Monday, December 1, 2008
ASGER JORN : ET BLIK IND I FORTIDEN
One of my favorite Scandinavian artists is the little known Danish painter Asger Oluf Jørgensen, better known as Asger Jorn (1914-1976). He was born in Vejrum, in the northwest corner of Jutland, Denmark. When in college he joined the Danish Communist Party. In 1936 he traveled on a BSA motorbike he had scraped together enough money to buy to Paris to become a student of Kandinsky.

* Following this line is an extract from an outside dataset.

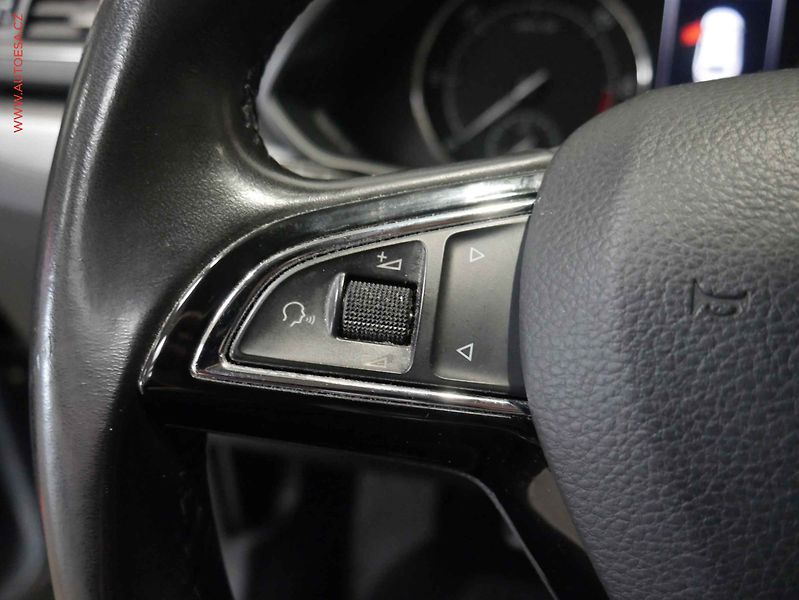 Škoda Superb (2017) 2.0 TDi, ČR, Style, DSG - fotka 17 z 23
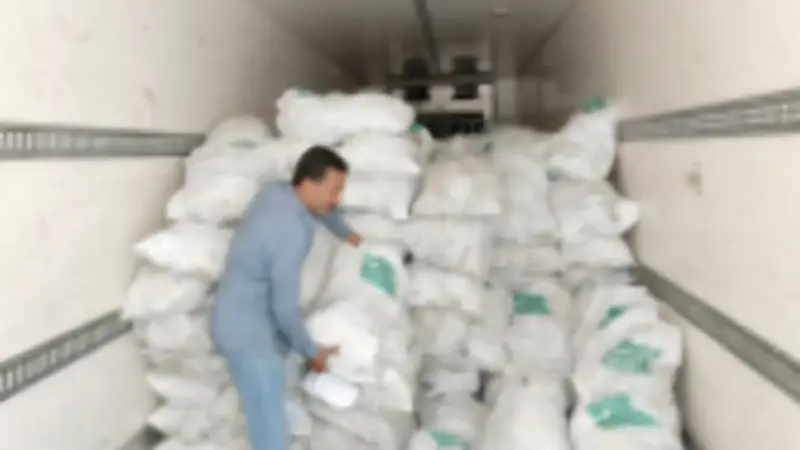 محافظ أسيوط: توزيع 5 أطنان لحوم و1250 وجبة غذائية للأسر الأولى بالرعاية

There Jorn decided instead to join Fernand Léger's Académie Contemporaine; it was during this period that he turned away from figurative painting and turned to abstract art. In 1937 he joined Le Corbusier in working on the Palais des Temps Noveaux at the 1937 Paris Exhibition.
During WW2, he became an active communist resistant but after the war he broke with the Danish Communist Party, while nevertheless remaining a lifelong philosophical communist. During the course of his artistic career he produced over 2500 paintings, prints, drawings, ceramics, sculptures, artist's books, collages, décollages, and collaborative tapestries. He died in Aarhus, Denmark on 1 May 1973. This oil on canvas above titled Et blik ind I fortiden (A look in the past) executed about 1962 measures 60 by 73 cm.
In October 2004 it was sold by Christie's in London for $81,829.